Scrapy: Setting up our first spider

We are going to set up and launch our very first spider (a bot) that will crawl quotes.toscrape and grab quotes from famous people right now, so grab yourself your favourite drink (hot or cold) and let’s have fun with our first spider.

As we know what Scrapy is (right?), the first step is to create an isolated environment to install all packages independently. If you use Conda, run:

conda install -c conda-forge scrapy

If you are using a pip environment, install it with:

pip install Scrapy

It will take a few seconds to install all the dependencies that Scrapy uses, but after that, you’re good to go. Remember that if you run into a problem, check the docs for aditional information.

Now, enter into the directory where you want to keep the project, then run:

scrapy startproject quotes_toscrape

This will create a Scrapy project named ‘quotes_toscrape’. Let’s check its contents.


quotes_toscrape/ # Main project directory
spiders/ # Where spiders will be stored

__init__.py

items.py # We define the model of the item we scrap here

middlewares.py # We define the middleware of our models here

pipelines.py # We define what to do after we scrape an item here

settings.py # Project settings

scrapy.cfg # Configuration file for deploying Scrapy

Seems a little overwhelming initially, but we don’t need to touch those files right now. Let’s create the spider:

scrapy genspider main_spider quotes.toscrape.com

This action creates a spider called “main_spider” that points to quotes.toscrape.com. Check spiders/main_spider.py now:

# -*- coding: utf-8 -*-
import scrapy


class MainSpiderSpider(scrapy.Spider):
name = 'main_spider'
allowed_domains = ['quotes.toscrape.com']
start_urls = ['http://quotes.toscrape.com/']

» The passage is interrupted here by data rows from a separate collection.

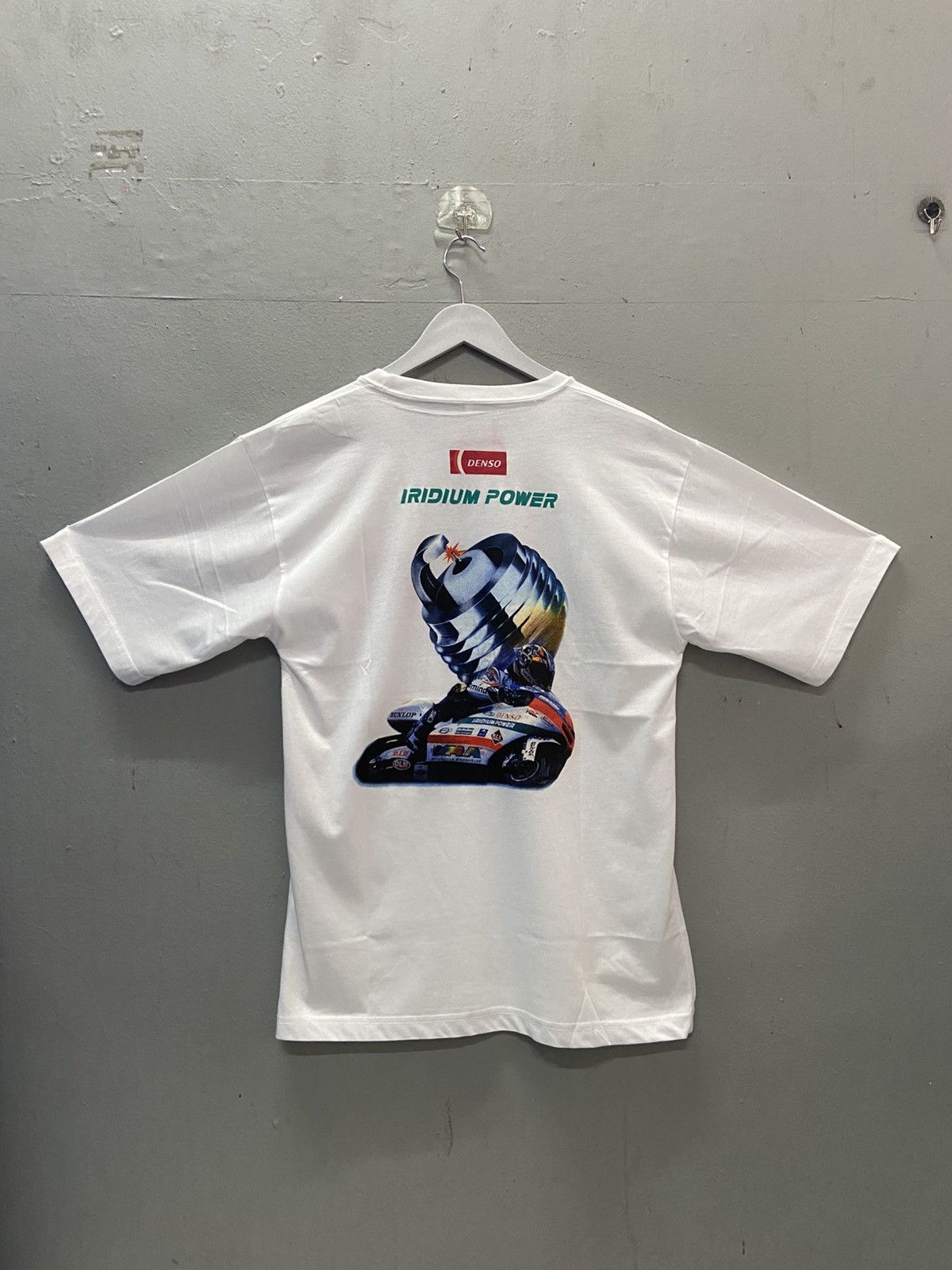 Japanese Brand VINTAGE DENSO SPARK PLUGS IRIDIUM POWER TEE SHIRT Size US M / EU 48-50 / 2 - 1 Thumbnail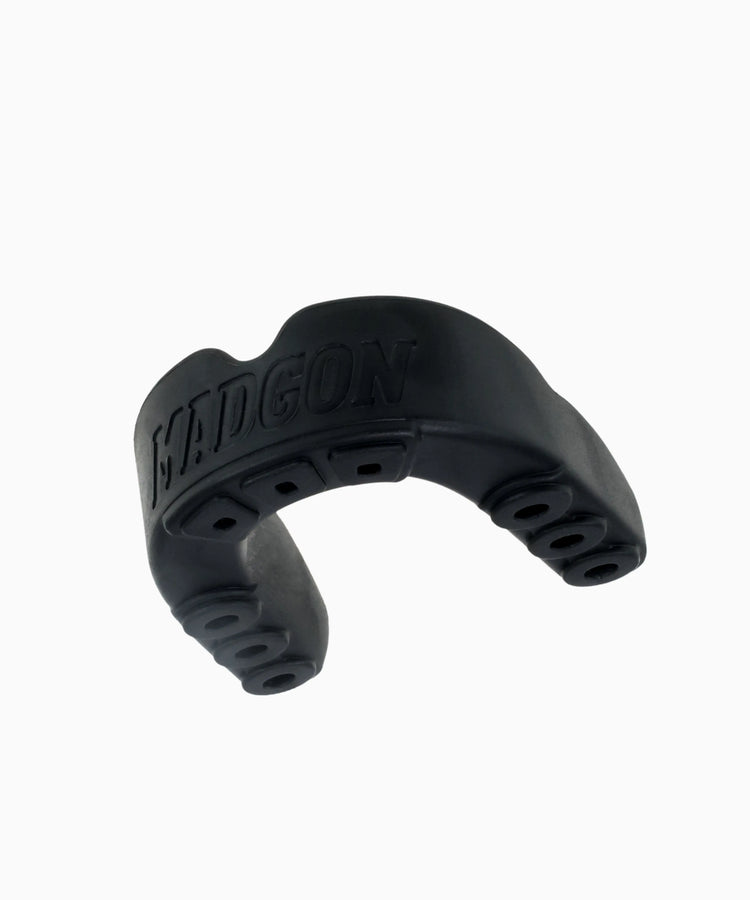 Mundschutz Guardian schwarz/weiß MADGON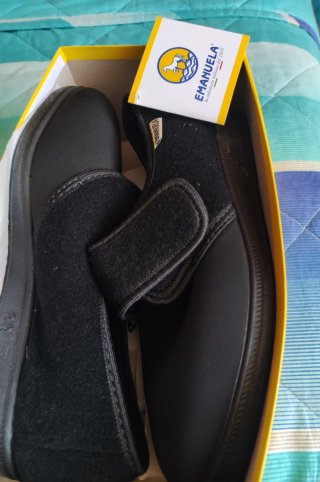 Scarpe/pantofole Emanuela nere n.39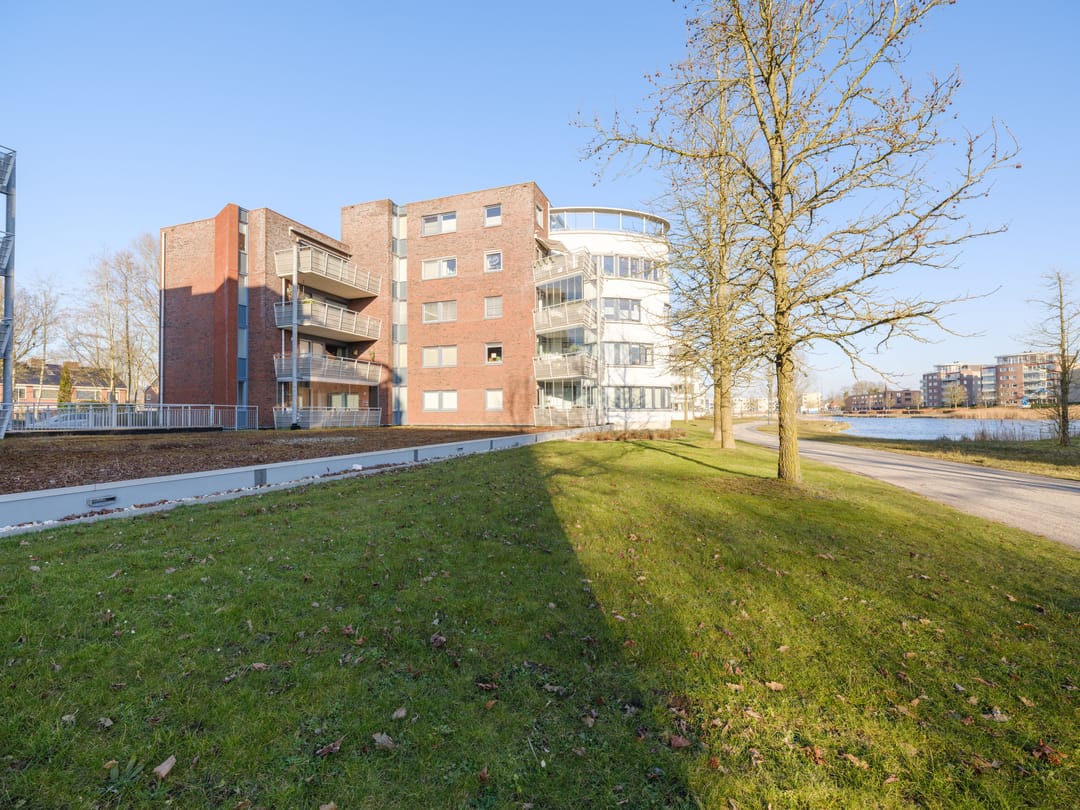 Photo 1 of Mevrouw De Rooweg 143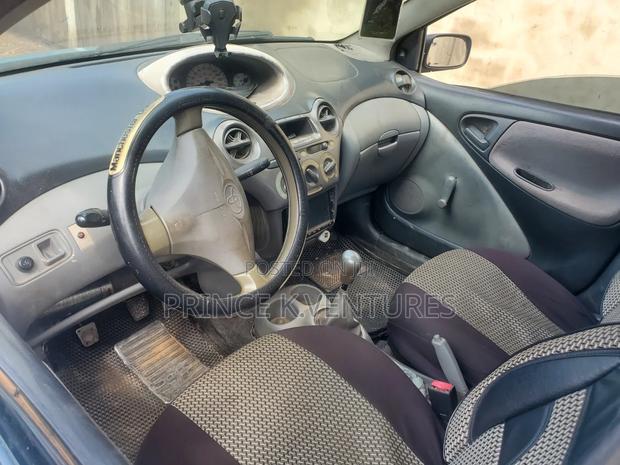 Toyota Echo Sedan 2005 Blue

def parse(self, response):
pass

Let’s dissect what’s there:

  • name: It has to be unique. Identifies the spider.
  • allowed_domains: Requests outside allowed_domains won’t be followed.
  • start_urls: Where our spider will start scraping.
  • def parse: Default callback. Scrapy will launch this method first to process the response (returning data). Has to return a Request, Items or a dictionary.

Right now, our spider will go to “quotes.toscrape.com”, return all the HTML and nothing else. We want to get every quote and its author from quotes.toscrape, but first, we need to ‘study’ the website:

Every square (a ‘div’ in HTML terms) contains a quote, its author, and a serie of tags. We want that. We want to tell to our spider “For every div, fetch the quote, its author and a list of every tag”. But how can we tell the spider “These are the divs I want you to look for information”?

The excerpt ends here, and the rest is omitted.